__What the task asks__.
Output the first line below and each one after it, exactly, up to and including the line holding "Simplicity Vintage Pattern". Pictures should not be copied.

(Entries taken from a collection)
Content starts

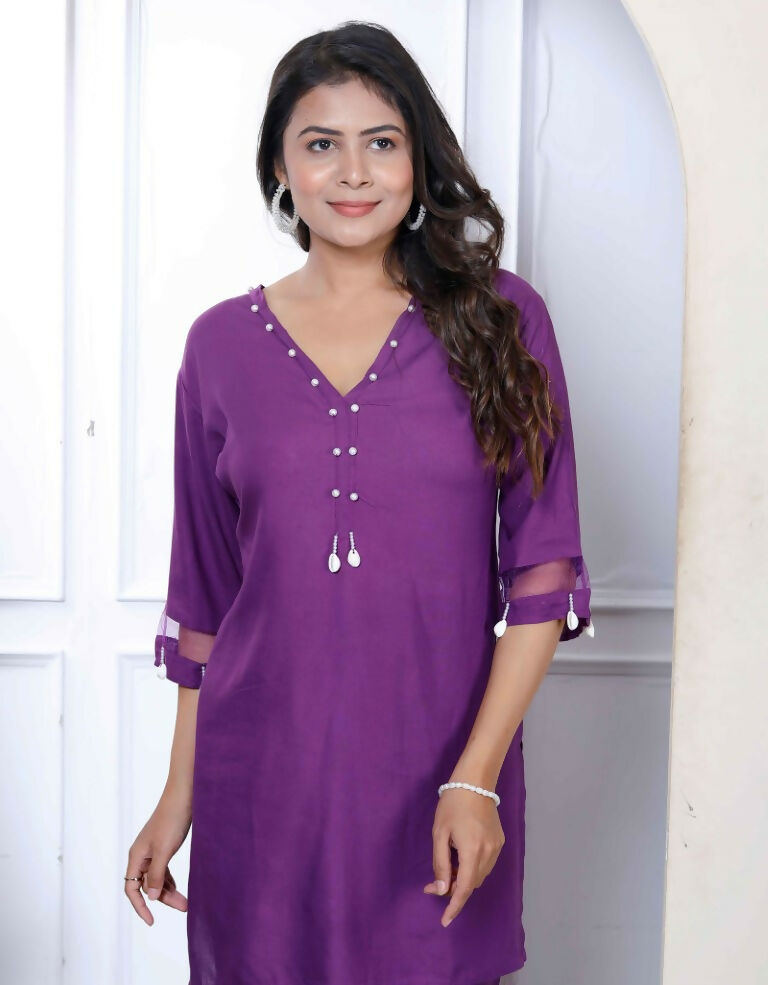 Miravan Women's Purple Solid Rayon Straight Co-Ord Set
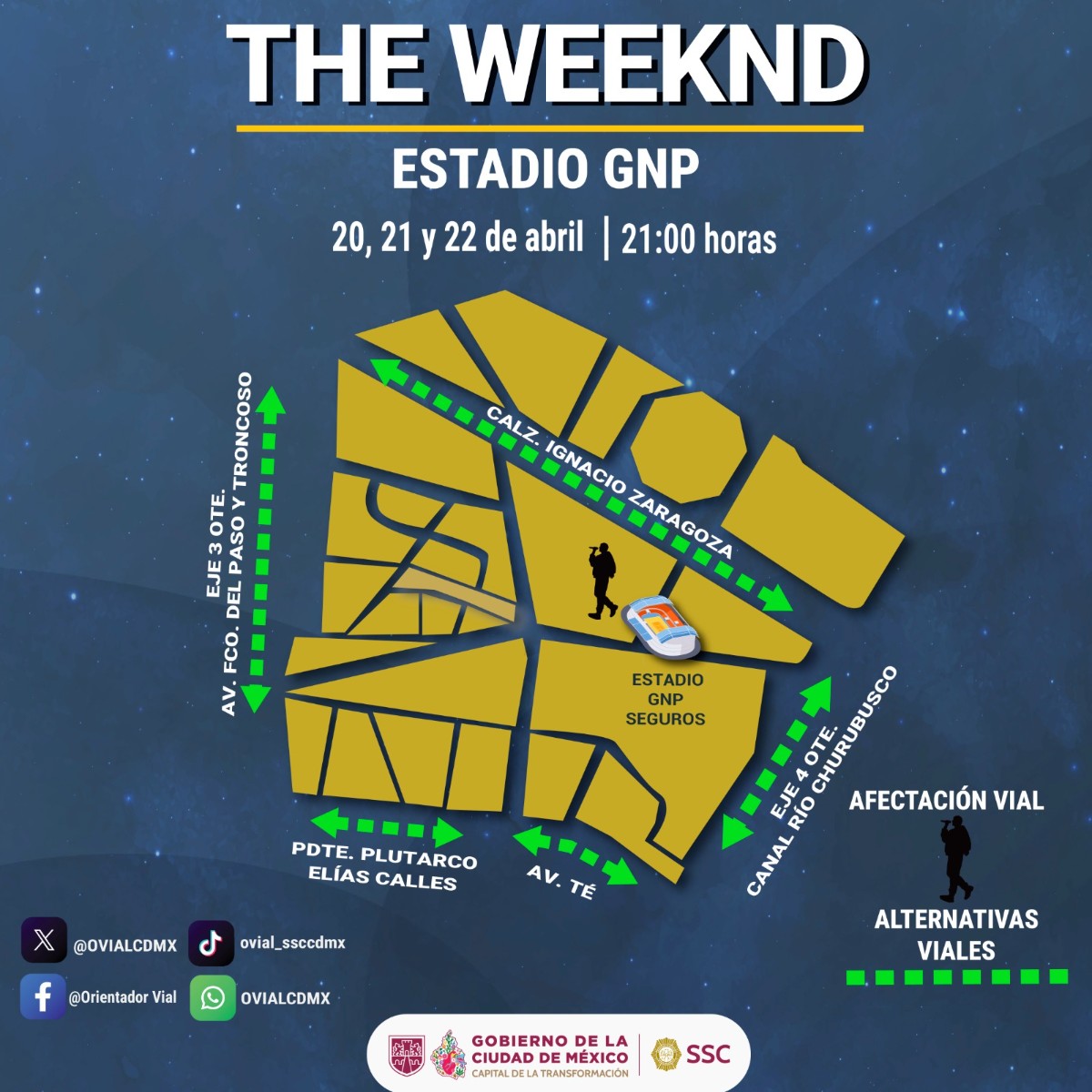 MÁS DE MIL POLICÍAS VIGILARÁN CONCIERTOS DE THE WEEKND EN EL ESTADIO GNP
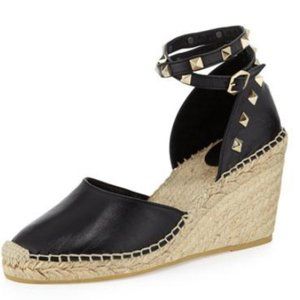 Ash Winnie Studded Espadrille Wedge Black Rockstud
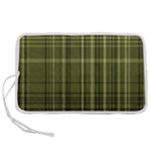 Green Madras Plaid Pen Storage Case (L)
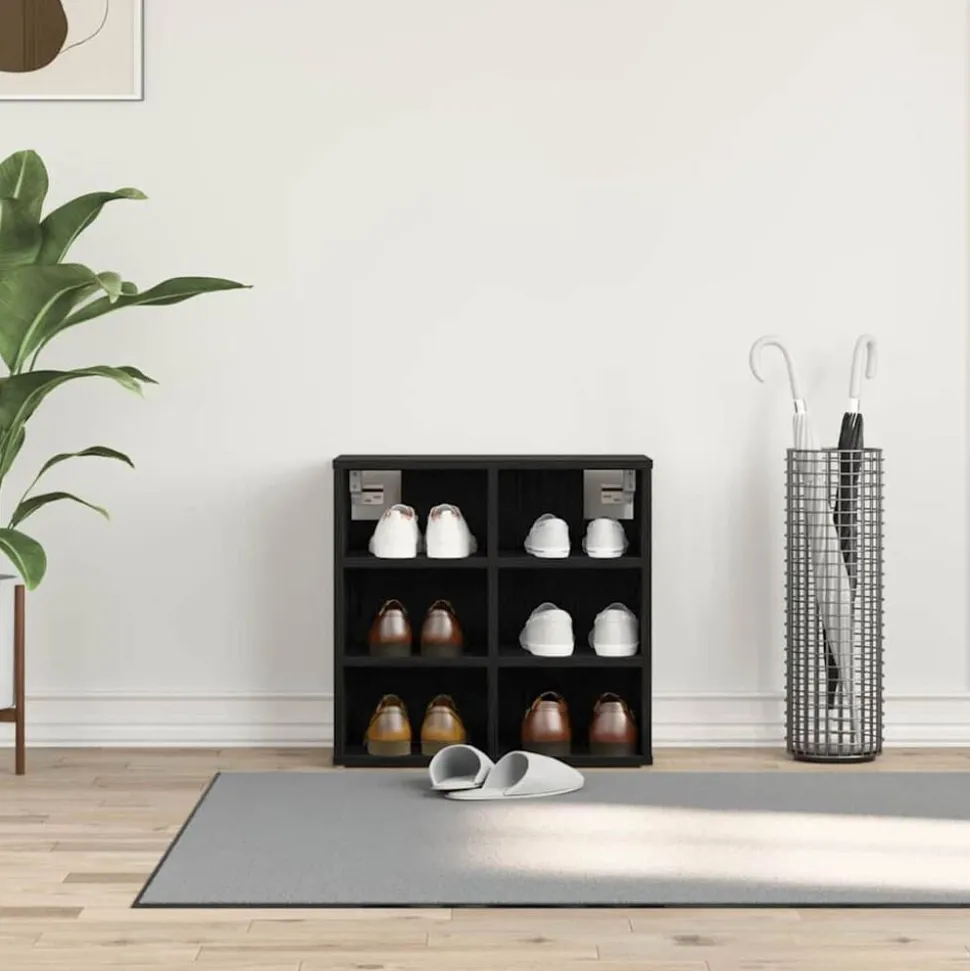vidaXL Schoenenkast Zwart Eiken 52 x 30 x 50,5 cm Bewerkt hout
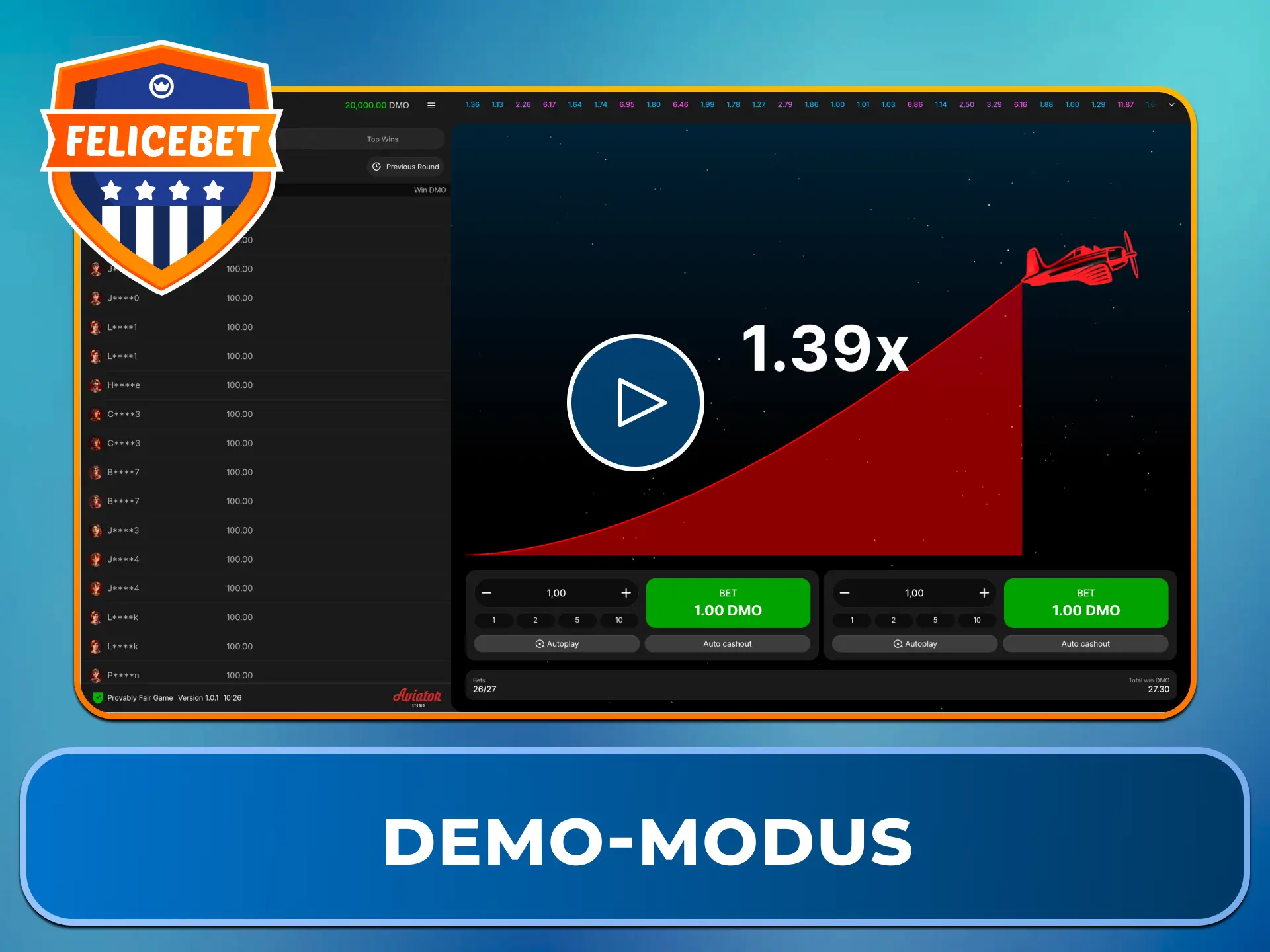 Teste alle Funktionen risikofrei im kostenlosen Demo-Modus der Felicebet Crash-Spiele.
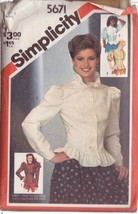 Simplicity Vintage Pattern 5671 Sz 6 Misses&#39; Set Of Fitted Blouses 4 Variations - £3.11 GBP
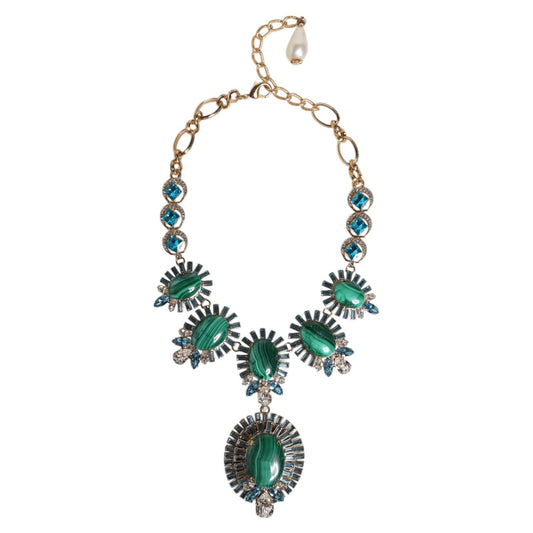 Dolce & Gabbana Gold Brass Pietre Oval Crystal Embellished Necklace SMY10550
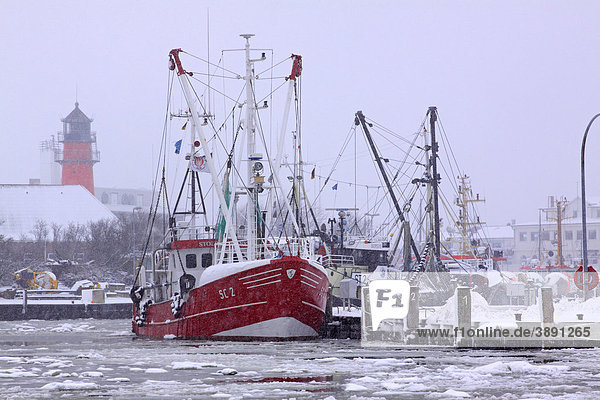Fischereischiffe im zugefrorenen Hafen von Büsum an der Nordseeküste im Winter mit Leuchtturm dahinter  Kreis Dithmarschen  Schleswig-Holstein  Deutschland  Europa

Content ends

__Answer to this problem__.
 Miravan Women's Purple Solid Rayon Straight Co-Ord Set
 MÁS DE MIL POLICÍAS VIGILARÁN CONCIERTOS DE THE WEEKND EN EL ESTADIO GNP
 Ash Winnie Studded Espadrille Wedge Black Rockstud
 Green Madras Plaid Pen Storage Case (L)
vidaXL Schoenenkast Zwart Eiken 52 x 30 x 50,5 cm Bewerkt hout
 Teste alle Funktionen risikofrei im kostenlosen Demo-Modus der Felicebet Crash-Spiele.
 Simplicity Vintage Pattern 5671 Sz 6 Misses&#39; Set Of Fitted Blouses 4 Variations - £3.11 GBP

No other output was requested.